[Short web captions]
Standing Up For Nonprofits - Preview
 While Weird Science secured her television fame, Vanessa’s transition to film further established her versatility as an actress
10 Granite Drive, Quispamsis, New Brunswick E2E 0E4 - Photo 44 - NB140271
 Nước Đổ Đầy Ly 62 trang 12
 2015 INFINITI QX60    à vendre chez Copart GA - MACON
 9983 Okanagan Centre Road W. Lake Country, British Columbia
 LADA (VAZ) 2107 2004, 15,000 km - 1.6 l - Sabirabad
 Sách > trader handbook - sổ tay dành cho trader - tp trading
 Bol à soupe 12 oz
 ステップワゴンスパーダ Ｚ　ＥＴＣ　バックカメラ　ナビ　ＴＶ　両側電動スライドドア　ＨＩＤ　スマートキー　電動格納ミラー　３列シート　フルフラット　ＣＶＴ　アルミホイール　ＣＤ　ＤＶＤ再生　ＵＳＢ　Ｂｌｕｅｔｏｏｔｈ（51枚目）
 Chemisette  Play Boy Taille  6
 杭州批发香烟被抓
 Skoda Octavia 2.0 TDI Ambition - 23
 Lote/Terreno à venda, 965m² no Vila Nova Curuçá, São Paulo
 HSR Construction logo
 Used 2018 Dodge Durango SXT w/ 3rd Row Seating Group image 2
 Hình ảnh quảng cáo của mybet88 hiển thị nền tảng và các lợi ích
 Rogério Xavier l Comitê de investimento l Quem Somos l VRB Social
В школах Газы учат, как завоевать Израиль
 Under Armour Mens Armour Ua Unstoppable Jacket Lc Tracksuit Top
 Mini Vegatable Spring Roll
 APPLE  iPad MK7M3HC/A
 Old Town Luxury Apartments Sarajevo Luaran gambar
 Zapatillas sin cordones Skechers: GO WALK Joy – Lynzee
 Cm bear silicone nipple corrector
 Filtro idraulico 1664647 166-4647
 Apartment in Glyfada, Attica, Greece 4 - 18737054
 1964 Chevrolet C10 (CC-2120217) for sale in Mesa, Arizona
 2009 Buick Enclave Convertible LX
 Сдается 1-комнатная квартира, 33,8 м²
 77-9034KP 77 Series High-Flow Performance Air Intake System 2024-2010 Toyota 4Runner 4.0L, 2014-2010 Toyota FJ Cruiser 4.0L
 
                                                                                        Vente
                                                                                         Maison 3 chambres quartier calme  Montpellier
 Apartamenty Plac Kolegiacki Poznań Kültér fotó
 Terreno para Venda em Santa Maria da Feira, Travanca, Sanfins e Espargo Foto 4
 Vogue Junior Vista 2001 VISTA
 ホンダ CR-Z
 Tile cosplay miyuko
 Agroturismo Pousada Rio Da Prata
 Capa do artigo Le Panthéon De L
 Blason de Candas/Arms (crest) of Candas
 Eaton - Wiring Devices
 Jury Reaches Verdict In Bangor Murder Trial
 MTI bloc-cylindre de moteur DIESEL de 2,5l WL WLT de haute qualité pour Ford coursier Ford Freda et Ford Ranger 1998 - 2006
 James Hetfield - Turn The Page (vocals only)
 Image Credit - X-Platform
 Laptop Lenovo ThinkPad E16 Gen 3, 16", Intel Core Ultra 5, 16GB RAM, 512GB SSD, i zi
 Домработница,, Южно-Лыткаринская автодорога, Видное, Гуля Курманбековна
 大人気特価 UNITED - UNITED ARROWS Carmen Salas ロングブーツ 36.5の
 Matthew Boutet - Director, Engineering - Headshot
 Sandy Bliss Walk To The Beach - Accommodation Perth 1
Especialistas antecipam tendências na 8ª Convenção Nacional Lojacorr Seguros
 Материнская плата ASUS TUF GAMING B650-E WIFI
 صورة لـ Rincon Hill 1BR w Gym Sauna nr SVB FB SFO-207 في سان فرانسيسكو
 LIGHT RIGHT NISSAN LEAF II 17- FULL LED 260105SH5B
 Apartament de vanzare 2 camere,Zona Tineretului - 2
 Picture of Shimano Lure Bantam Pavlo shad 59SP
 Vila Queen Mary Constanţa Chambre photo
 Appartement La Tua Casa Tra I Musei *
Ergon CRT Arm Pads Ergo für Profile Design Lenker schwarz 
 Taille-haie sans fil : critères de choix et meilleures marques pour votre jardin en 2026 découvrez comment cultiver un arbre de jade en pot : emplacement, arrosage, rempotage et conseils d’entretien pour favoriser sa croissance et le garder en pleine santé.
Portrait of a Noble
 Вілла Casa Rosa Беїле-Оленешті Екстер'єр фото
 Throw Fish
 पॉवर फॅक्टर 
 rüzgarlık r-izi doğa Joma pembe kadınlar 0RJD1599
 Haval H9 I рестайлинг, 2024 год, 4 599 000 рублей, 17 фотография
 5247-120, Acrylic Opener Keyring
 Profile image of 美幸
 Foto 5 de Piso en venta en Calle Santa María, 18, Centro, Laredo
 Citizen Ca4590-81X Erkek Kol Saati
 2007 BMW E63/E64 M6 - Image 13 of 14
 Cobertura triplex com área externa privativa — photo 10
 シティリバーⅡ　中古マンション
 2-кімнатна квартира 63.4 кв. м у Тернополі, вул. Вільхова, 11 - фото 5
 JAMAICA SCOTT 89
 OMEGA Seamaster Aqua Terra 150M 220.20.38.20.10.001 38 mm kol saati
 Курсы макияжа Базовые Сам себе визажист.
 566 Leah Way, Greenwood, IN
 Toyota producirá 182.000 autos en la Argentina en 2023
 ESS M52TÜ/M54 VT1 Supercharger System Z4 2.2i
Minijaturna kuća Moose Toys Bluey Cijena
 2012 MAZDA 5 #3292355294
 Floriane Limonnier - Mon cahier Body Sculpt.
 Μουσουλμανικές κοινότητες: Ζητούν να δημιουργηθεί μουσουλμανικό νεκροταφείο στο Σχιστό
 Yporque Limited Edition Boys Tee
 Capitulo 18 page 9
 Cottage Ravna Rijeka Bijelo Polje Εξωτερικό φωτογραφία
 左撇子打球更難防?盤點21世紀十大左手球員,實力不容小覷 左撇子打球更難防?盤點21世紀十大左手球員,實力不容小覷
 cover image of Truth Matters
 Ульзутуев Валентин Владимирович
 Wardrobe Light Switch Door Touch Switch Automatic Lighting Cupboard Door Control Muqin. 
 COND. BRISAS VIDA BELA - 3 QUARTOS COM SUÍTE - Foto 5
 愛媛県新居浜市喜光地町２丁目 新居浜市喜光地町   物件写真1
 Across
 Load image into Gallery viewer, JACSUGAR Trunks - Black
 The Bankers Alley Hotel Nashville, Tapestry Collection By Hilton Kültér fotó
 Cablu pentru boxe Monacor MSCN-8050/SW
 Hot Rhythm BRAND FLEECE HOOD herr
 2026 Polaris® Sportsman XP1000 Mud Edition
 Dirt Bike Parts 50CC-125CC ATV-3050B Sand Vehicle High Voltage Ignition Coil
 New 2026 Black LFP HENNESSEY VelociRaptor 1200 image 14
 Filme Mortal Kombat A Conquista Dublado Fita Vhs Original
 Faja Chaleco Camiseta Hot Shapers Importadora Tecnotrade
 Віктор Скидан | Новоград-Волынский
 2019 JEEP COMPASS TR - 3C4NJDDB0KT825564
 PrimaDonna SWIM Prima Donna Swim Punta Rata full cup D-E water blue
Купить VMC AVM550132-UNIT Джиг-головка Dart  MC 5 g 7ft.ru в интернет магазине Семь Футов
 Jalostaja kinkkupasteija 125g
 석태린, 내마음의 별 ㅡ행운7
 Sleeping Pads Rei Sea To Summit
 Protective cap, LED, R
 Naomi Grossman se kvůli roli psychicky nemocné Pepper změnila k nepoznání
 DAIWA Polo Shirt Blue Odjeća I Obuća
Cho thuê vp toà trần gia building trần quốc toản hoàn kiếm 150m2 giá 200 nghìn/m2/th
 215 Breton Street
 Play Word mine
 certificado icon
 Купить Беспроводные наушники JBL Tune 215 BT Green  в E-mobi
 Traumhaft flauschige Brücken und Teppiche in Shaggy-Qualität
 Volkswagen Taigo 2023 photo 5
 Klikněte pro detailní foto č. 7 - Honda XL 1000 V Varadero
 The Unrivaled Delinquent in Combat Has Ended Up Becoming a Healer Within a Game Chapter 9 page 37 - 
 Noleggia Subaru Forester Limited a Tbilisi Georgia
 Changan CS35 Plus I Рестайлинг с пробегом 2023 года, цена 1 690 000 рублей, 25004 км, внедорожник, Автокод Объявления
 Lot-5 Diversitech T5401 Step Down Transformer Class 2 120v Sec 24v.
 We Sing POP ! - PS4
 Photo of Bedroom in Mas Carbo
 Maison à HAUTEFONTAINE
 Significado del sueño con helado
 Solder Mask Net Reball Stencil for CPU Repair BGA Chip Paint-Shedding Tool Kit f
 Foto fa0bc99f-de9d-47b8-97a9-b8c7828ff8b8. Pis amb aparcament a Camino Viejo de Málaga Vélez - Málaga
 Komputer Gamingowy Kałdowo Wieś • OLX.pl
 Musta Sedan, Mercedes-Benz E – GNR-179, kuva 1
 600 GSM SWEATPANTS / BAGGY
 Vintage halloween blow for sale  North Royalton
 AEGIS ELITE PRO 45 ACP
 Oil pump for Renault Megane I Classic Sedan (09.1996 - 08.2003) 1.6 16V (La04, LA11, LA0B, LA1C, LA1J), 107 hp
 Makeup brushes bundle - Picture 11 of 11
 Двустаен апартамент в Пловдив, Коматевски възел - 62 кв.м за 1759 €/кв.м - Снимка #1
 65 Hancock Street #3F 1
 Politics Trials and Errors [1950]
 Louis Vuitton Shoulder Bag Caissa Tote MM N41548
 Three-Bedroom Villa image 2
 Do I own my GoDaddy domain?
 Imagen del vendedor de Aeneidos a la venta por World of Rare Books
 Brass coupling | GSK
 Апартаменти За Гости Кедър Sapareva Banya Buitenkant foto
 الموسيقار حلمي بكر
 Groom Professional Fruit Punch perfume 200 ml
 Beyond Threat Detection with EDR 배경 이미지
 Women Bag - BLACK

Prompt
Please write out, exactly as they appear above, only the lines in the stretch from the line with "Jury Reaches Verdict In Bangor Murder Trial" through the line with "Vila Queen Mary Constanţa Chambre photo".

Output of the exercise
 Jury Reaches Verdict In Bangor Murder Trial
 MTI bloc-cylindre de moteur DIESEL de 2,5l WL WLT de haute qualité pour Ford coursier Ford Freda et Ford Ranger 1998 - 2006
 James Hetfield - Turn The Page (vocals only)
 Image Credit - X-Platform
 Laptop Lenovo ThinkPad E16 Gen 3, 16", Intel Core Ultra 5, 16GB RAM, 512GB SSD, i zi
 Домработница,, Южно-Лыткаринская автодорога, Видное, Гуля Курманбековна
 大人気特価 UNITED - UNITED ARROWS Carmen Salas ロングブーツ 36.5の
 Matthew Boutet - Director, Engineering - Headshot
 Sandy Bliss Walk To The Beach - Accommodation Perth 1
Especialistas antecipam tendências na 8ª Convenção Nacional Lojacorr Seguros
 Материнская плата ASUS TUF GAMING B650-E WIFI
 صورة لـ Rincon Hill 1BR w Gym Sauna nr SVB FB SFO-207 في سان فرانسيسكو
 LIGHT RIGHT NISSAN LEAF II 17- FULL LED 260105SH5B
 Apartament de vanzare 2 camere,Zona Tineretului - 2
 Picture of Shimano Lure Bantam Pavlo shad 59SP
 Vila Queen Mary Constanţa Chambre photo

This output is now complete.